[Buildbot-devel] schedulerdb progress report: week 1

Fri Sep 18 07:16:35 UTC 2009

Brian Warner <warner at lothar.com> writes:

> Kristian Nielsen wrote:
>> Some comments/suggestions:
>> 
>>> TABLES = [
>>>     # the schema here is defined as version 1
>>>     """CREATE TABLE version
>>>     (
>>>     version INTEGER -- contains one row, currently set to 1
>>>     );""",
>>>     """INSERT INTO version VALUES (1);""",
>>>
>>>     # last_access is used for logging, to record the last time that
>>>     # each client (or rather class of clients) touched the DB. The
>>>     # idea is that if something gets weird, you can check this and
>>>     # discover that you have an older tool (which uses a different
>>>     # schema) mucking things up.
>>>     """CREATE TABLE last_access
>>>     (
>>>     who VARCHAR(256), -- like 'buildbot-0.8.0'
>>>     writing INTEGER, -- 1 if you are writing, 0 if you are reading
>>>     last_access TIMESTAMP     -- seconds since epoch
>>>     );""",
>> 
>> Sounds like you intend here PRIMARY KEY (who, writing) ?
>
> Sounds reasonable.

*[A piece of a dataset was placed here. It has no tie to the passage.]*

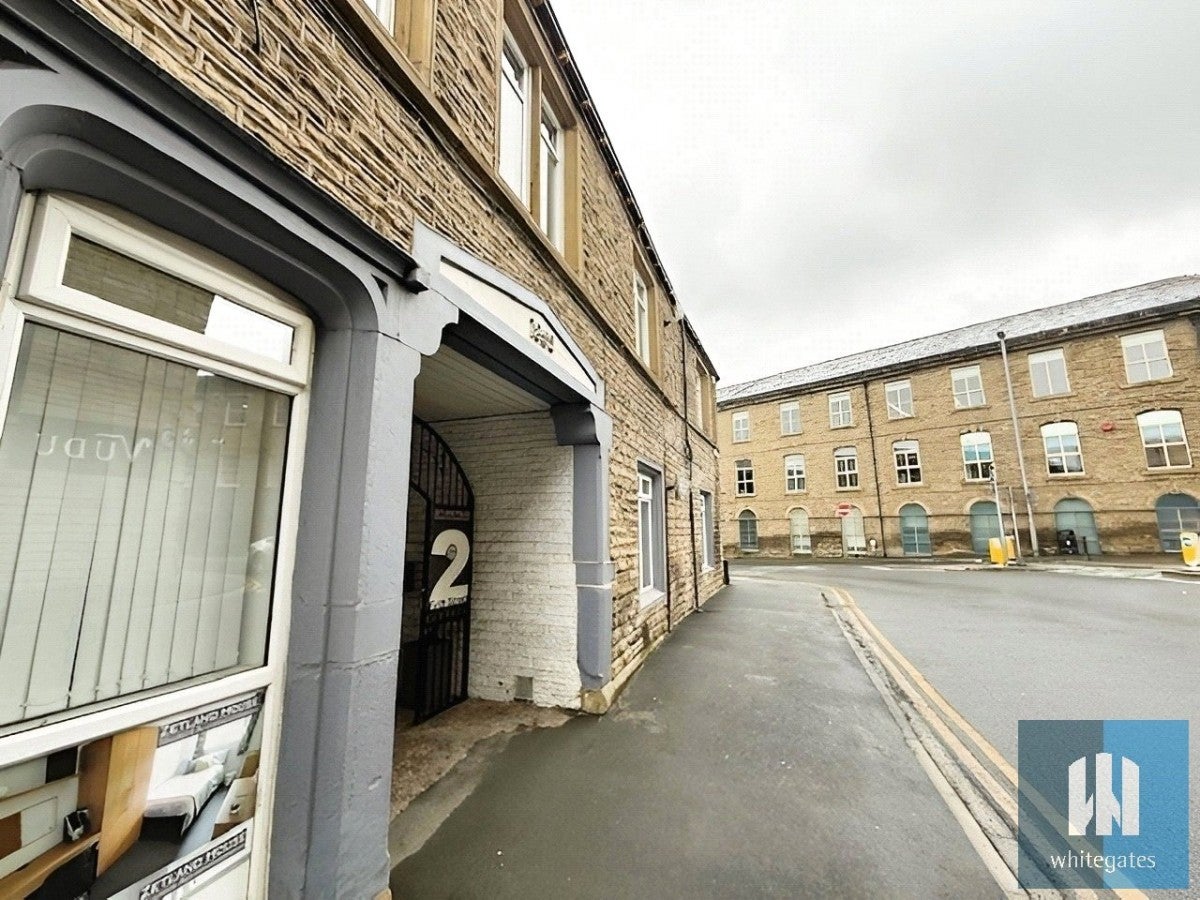 Room Firth Street in Kirklees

I'm having some slight problems getting a syntax that
> is accepted by both SQLite and MySQL, though. Is it:
>
>  CREATE TABLE last_access
>  (
>   who VARCHAR(256),
>   writing INTEGER,
>   PRIMARY KEY (who, writing),
>   last_access TIMESTAMP,
>  )
>
> like that? I think sqlite complained about it, but I didn't investigate
> very deeply.

Yes, but the last trailing comma is not allowed (and I usually but constraints
like PRIMARY KEY at the end, after columns).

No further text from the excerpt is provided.